Learn more
- Feb 7, 2011
Drupal and the Semantic Web – Interview with Stéphane Corlosquet
Stéphane Corlosquet has been the main driving force in incorporating Semantic Web capabilities into Drupal. In the recent release of Drupal 7, Semantic Web technologies became part of the core of this popular CMS, which is used to power at least 1% of all the world’s web sites.
Drupal is the leading CMS when it comes to implementing Semantic Web standards. What are the reasons for this, what makes Drupal such a good fit for Semantic Web technologies?
Historically, Drupal is known to be web standard compliant. It supported the RDF-based aggregation format known as RSS 1.0 as early as in 2001, which was later upgraded to RSS 2.0. The Drupal community prides itself in valid HTML code, not only for the code generated by Drupal, but also by taking the extra step of automatically fixing faulty HTML entered by its users. Drupal has been using XHTML since its version 4.0 in 2002. The next logical step beyond XHTML was to add a layer of semantics with the RDFa standard, a W3C recommendation published in 2008.
There are definitely many reasons that contributed to the addition of RDFa into Drupal 7. The first comes from the Drupal project lead, Dries Buytaert, who is passionate about the web and open source. Secondly, the growing Drupal community is very web savvy and includes many experts from different backgrounds in accessilibity, CSS, HTML, security etc. As a result, every release of Drupal includes many latest standards. The community meets twice a year at conferences (DrupalCons), thes events play a great role in hashing out what technologies or designs will be incorporated into the next version of Drupal. Because of the flexibility of its internal architecture, Drupal is able to keep up with the latest web standards. Content in Drupal is very structured and provides site administrators with a user interface to build the site structure they want, using entity types, content types, fields and taxonomies for categorization. When it comes to other CMSs, Joomla!’s community appears to be more fragmented with a core software that is not as extensible as Drupal and WordPress is more of a blogging platform, so turning it into a full blown CMS can be challenging. Both WordPress and Joomla! are in fact adapting the concept of Drupal’s Content Construction Kit (CCK) to their software but they have not yet reached the same level of maturity as Drupal.
A common objection to the adoption of Semantic Web technologies is that the learning curve is steep and that it is too complicated for many web developers to get into it. How can Drupal 7 change that? Which features accessible for the average web site operator will it offer?

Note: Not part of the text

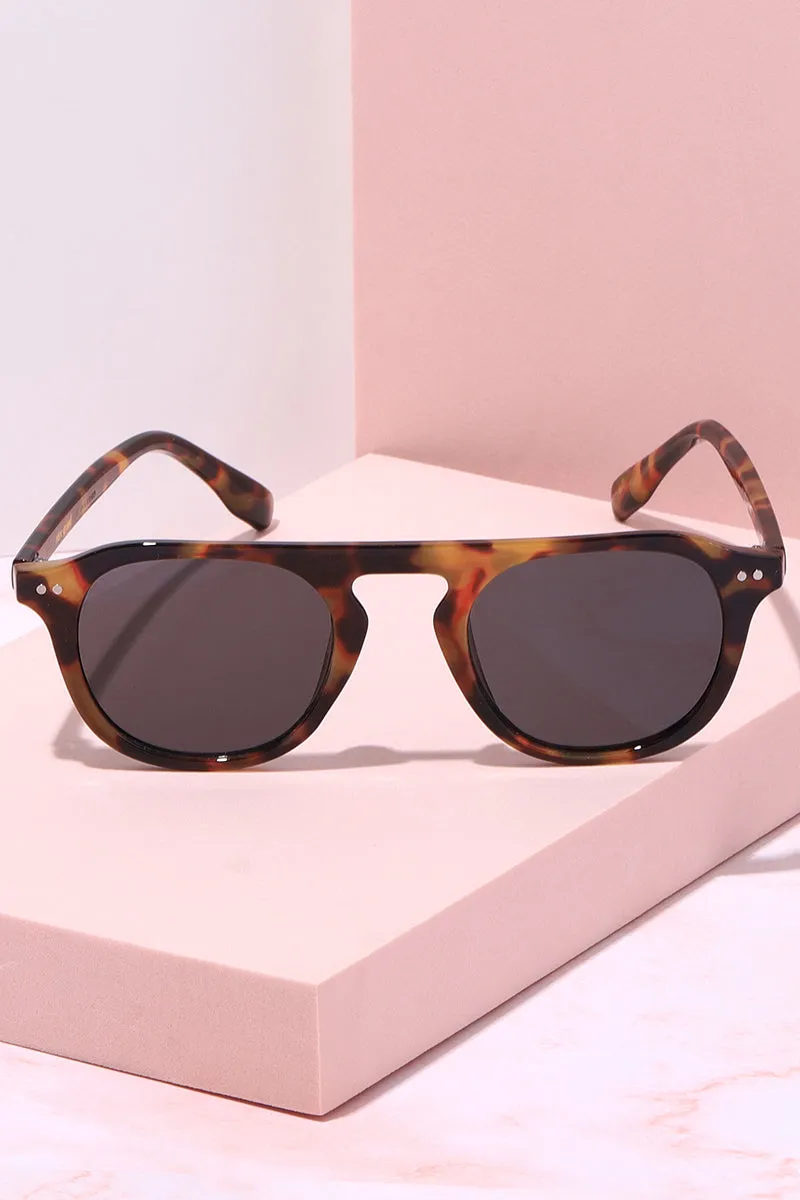 Checked In Round Frame Sunnies sold by Mulberry and Grand product image thumbnail 2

Semantic Web technologies don’t have to be complicated when applied to simple use cases! We purposely chose only of a subset of semantic web technologies to integrate into the core of Drupal, keeping the learning curve for the Drupal developers and users as low as possible. The main technology is RDFa which includes the notions of vocabularies (a schema, or collection of attributes) as well as Compact URIs (CURIEs) which make the authoring of RDFa easier. In fact, some web developers might have come across these notions before when working with Dublin Core in the meta tags as such dc:title or dc:date.

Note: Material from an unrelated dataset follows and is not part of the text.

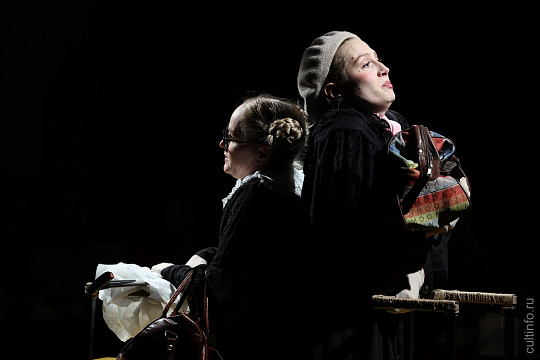 Спектакль об одиночестве на двоих «Строго на север» представили в Доме актера Алена Данченко и Анастасия Латкина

Which benefits will web site owners get when they switch to a semantics enabled Drupal 7?
Google and Bing increasingly rely on machine-readable structured data from the websites that they crawl. The design of Drupal 7 embeds semantic meta data that makes machine-to-machine (M2M) search native for a Drupal 7 website. RDFa can add value by giving search engines more details such as the latitude and longitude of a venue for display on a map; or providing the ISO date format for localization and proper display in the search results for different countries.
What are your hopes regarding the development of other applications that either provide or consume data from D7 sites? Which improvements of standards, best practices or (lightweight) ontologies in the Semantic Web community would you like to see?
Services like Sig.ma are already able to collect semantic data from different sources and display it in new ways in the form of mash-ups. Eventually, these services that consume semantic data will not be just Drupal specific, as more platforms jump on the semantic web band wagon. What I hope to see as improvements or best practices in the future are more well-maintained vocabularies. Many of the existing vocabularies are over engineered, some fail to de-reference properly. Their is also some work to be done in order to improve the tooling made available to web developers as well as introducing the simple concepts of Linked Data to web developers via easy to read documentation.
Thank you for this interview, Stéphane!